Driving at high speeds on a highway across a city requires making multiple decisions every second. Your life—and the lives of others—depends on the design, placement, and accuracy of the highway’s markings, signage, lane spacing, and on-ramps. This is an everyday example of what is known as wayfinding, the process of using visual cues and spatial elements to direct flow. Architects are leveraging intuitive facility design and wayfinding to optimize spaces for production and for the people who use them.

You can easily compare highway driving to the high-stakes and complex nature of operating an advanced therapy medicinal product  (ATMP) facility, where patients’ lives are on the line. When wayfinding is integrated into the design of a manufacturing facility, the results can both improve the human experience in the workspace, as well as enhance the functionality of the space, without detracting from cGMP compliance.
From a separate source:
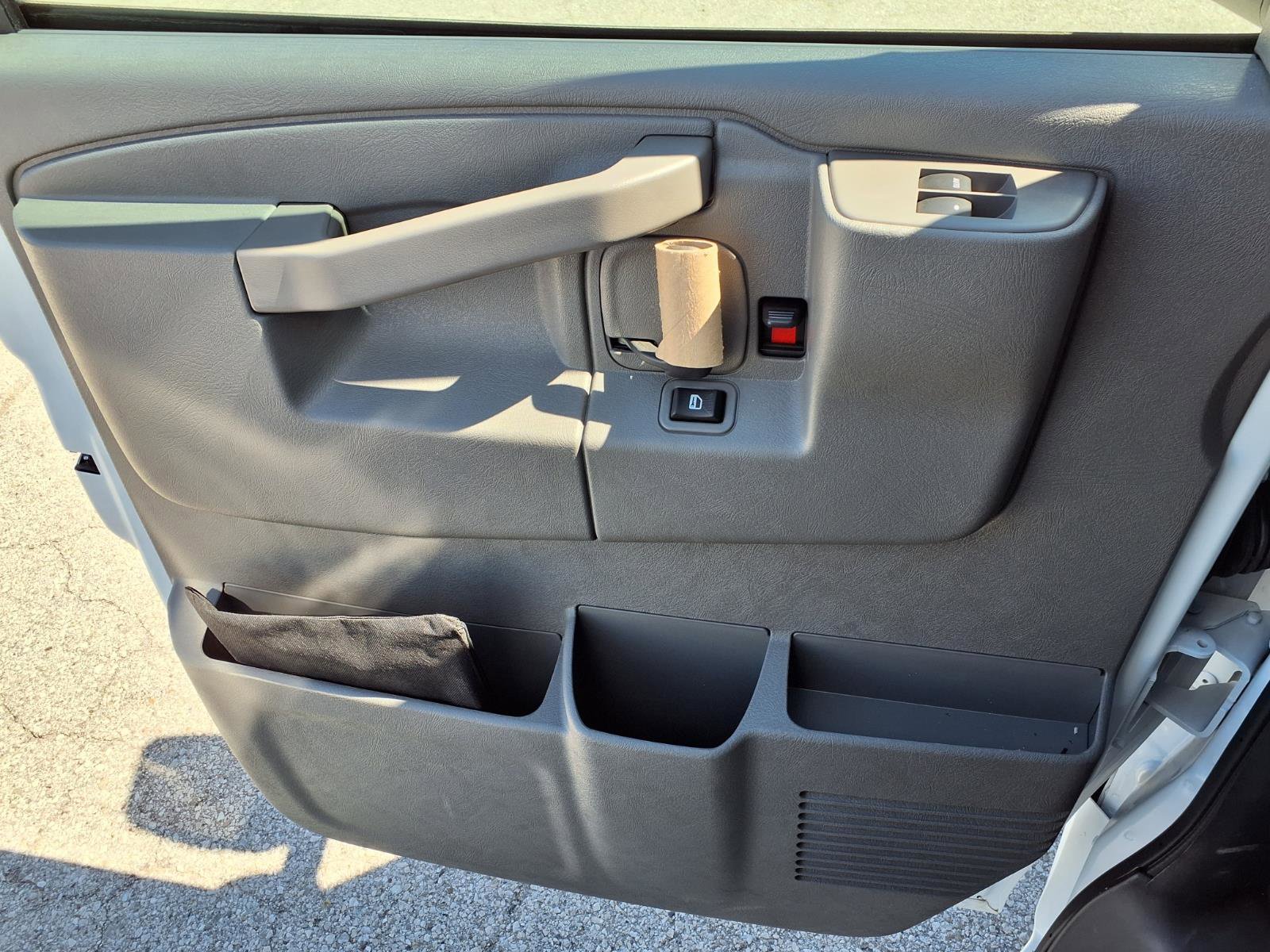 New 2025 GMC Savana 3500 w/ Power Convenience Package RWD image 16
It’s a move away from the manufacturing facility composed of never-ending corridors and white walls with few windows between rooms and no views to the outside world. This environment isn’t conducive to a positive and productive workday. While sterility is necessary for manufacturing facilities, there is no reason that workspaces need to look and feel sterile. Even seemingly small design elements can improve an operator’s daily experience.

This is where designers of manufacturing facilities come in. Capitalizing on their understanding of the manufacturing process, they can address manufacturing requirements, support regulatory compliance, and improve the flows on the production floor. Just as importantly, these design elements create vibrant facilities that attract skilled workers and keep them engaged and happy. While wayfinding is not yet common in manufacturing facilities, laboratories and amenity spaces already use wayfinding in planning and design to signify different equipment or common spaces, all while providing a more pleasant work environment.
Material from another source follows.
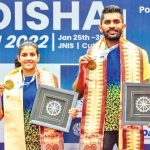 Sachin Dias and Thilini Hendahewa with gold medals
Why wayfinding is crucial for ATMP manufacturing

The ATMP manufacturing process differs from traditional biotech manufacturing for therapeutic proteins, such as a monoclonal antibody (mAb). Unlike mAbs, autologous (i.e., patient-specific) cell therapy still largely relies on open aseptic processing involving multiple skilled operators.

 

 

A patient’s cells are both the starting material and the product—these cells are modified, expanded, formulated, and transfused back into the patient. Manufacturers must maintain sterility and cell viability throughout the process, and the personalized nature of this therapy depends on preventing contamination of, and mix-ups between, patient batches. Batch size is limited and a scale-out approach is the norm, rather than the traditional scale-up seen for mAbs.

With multiple operators conducting open processes in confined spaces, and with multiple patient batches in production inside the same facility, manufacturers are under tremendous pressure to “design out” potential risks and establish a facility that’s safe, flexible, and optimized for reliable processing. In conjunction with thoughtful and intentional planning principles, designers use wayfinding to help address these challenges and make more inspiring workspaces.

Here are a few of the many design elements we keep in mind when planning a safe, functional, and vibrant ATMP manufacturing facility. It’s important to note that the earlier you incorporate these into your planning process, the more synergy you’ll find between all the elements of your operations—and the happier your workforce will be.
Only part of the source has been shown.